La succinta parte espositiva del motivo (di sette righi) fa riferimento del D.Lgs. n. 25 del 2008, art. 32, ed appare riferirsi alla pretesa vetustà dell'”incoerenza dei racconti narrati, delle circolari e dei report” sulla situazione del paese di provenienza (Senegal) del richiedente protezione.
Senonchè quella situazione del paese di provenienza, a ben vedere, è già stata congruamente valutata, con proprio accertamento fattuale, da parte del Giudice del merito e questa Corte – in sede di giudizio di legittimità – non può certo sostituire un novello apprezzamento meritale basato sul presupposto, altrettanto meritale, del preteso ed indimostrato non aggiornamento dei dati e dei report sul paese di provenienza.
Il motivo è, quindi, inammissibile.
3.- Con il terzo motivo si deduce genericamente la “violazione di norme di legge” con riferimento al mancato riconoscimento della protezione sussidiaria.
4.- Con il quarto motivo si prospetta genericamente la “violazione di norme di legge” con riferimento al mancato riconoscimento della protezione umanitaria.
5.- Entrambi i suddetti motivi 3. e 4. Possono essere trattati congiuntamente.
Gli stesi sono inammissibili al pari e per le stesse ragioni già innanzi esposte sub 2. in quanto tendono ad una rivalutazione in punto di fatto di quanto già correttamente valutato nella sede propria da parte del Giudice del merito.
6.- Alla ritenuta inammissibilità dei singoli motivi consegue la declaratoria di inammissibilità, nel suo complesso, del ricorso.

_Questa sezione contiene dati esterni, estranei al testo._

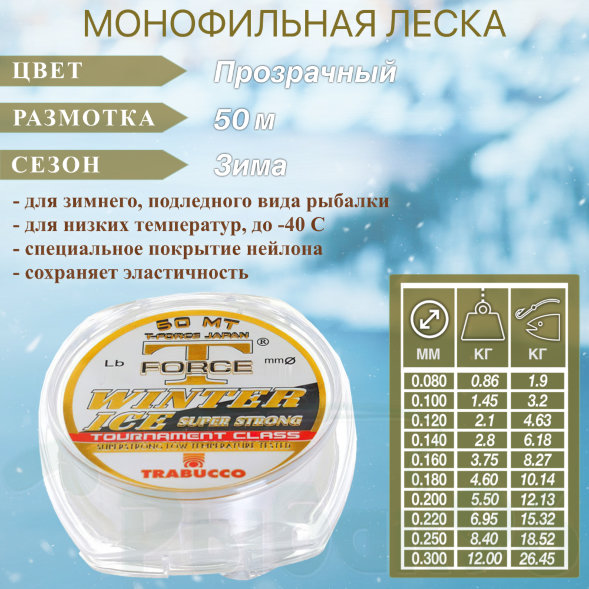 Леска TRABUCCO T-Force Winter Ice 0.128 50м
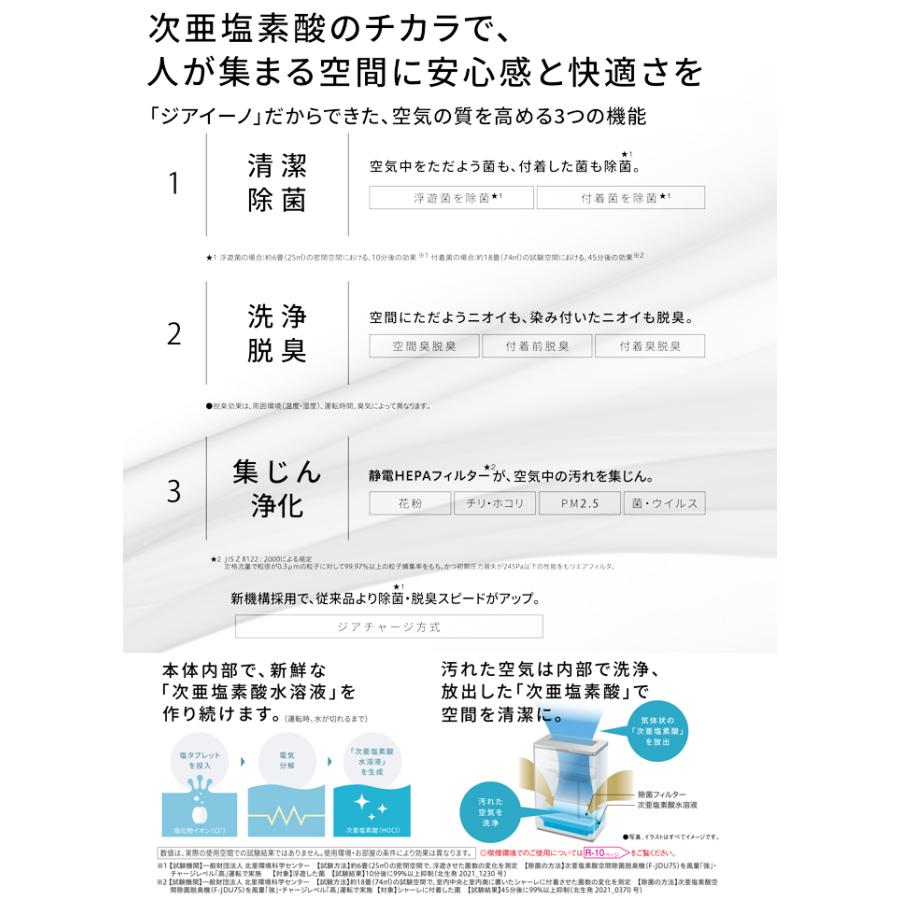 パナソニック F-JDU55-W ジアイーノ 次亜塩素酸 空間除菌脱臭機 45畳(〜75m2)  ホワイト ジアチャージ方式 業務用 Panasonicの画像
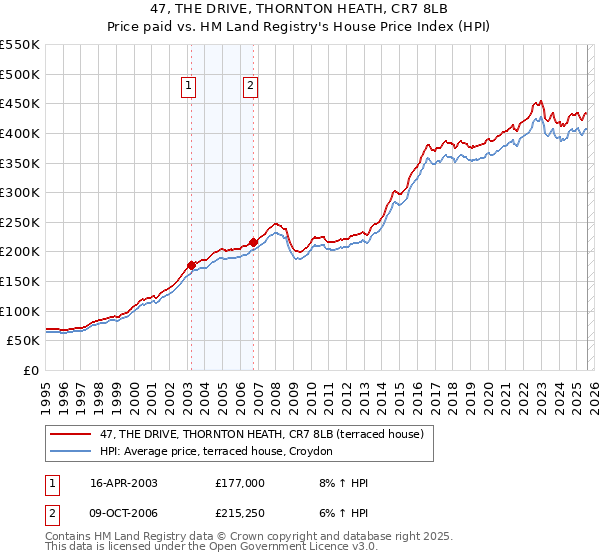47, THE DRIVE, THORNTON HEATH, CR7 8LB: Price paid vs HM Land Registry's House Price Index
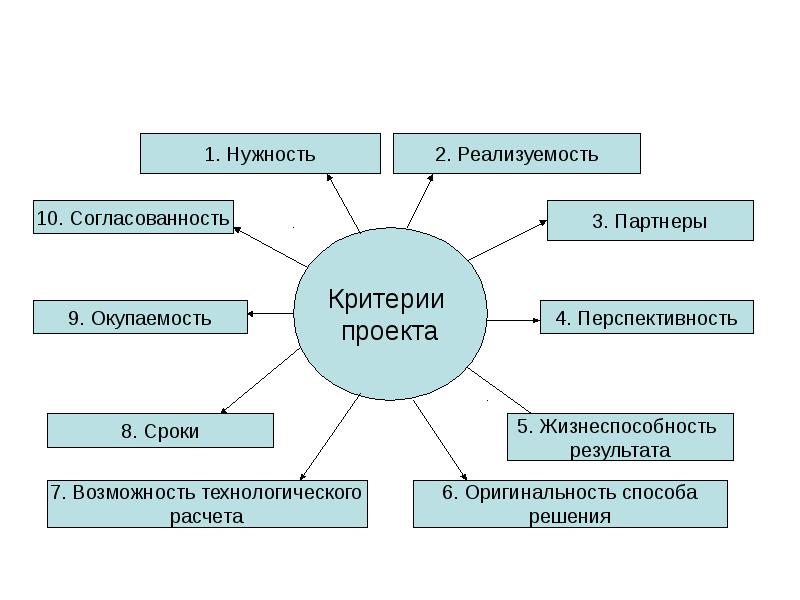 Оценка жизнеспособности и финансовой реализуемости проекта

7.- Le spese seguono la soccombenza e, per l’effetto, si determinano come in dispositivo.
8.- Sussistono i presupposti per il versamento, da parte del ricorrente, dell’ulteriore importo a titolo di contributo unificato pari a quello previsto per il ricorso principale, a norma del D.P.R. n. 115 del 2002, art. 13, comma 1-bis, se dovuto non risultando il ricorrente ammesso in via definitiva al beneficio del gratuito patrocinio a spese dello Stato.
PQM
La Corte:
dichiara il ricorso inammissibile e condanna il ricorrente al pagamento in favore della parte controricorrente delle spese del giudizio, determinate in Euro 2.100,00, oltre spese prenotate a debito.
Ai sensi del D.P.R. n. 115 del 2002, art. 13, comma 1-quater, si dà atto della sussistenza dei presupposti per il versamento, da parte dei ricorrente, dell’ulteriore importo a titolo di contributo unificato pari a quello previsto per il ricorso principale, a norma dello stesso art. 13, comma 1 bis, se dovuto.
Così deciso in Roma, nella Camera di consiglio della Sezione Seconda Civile della Corte Suprema di Cassazione, il 21 febbraio 2020.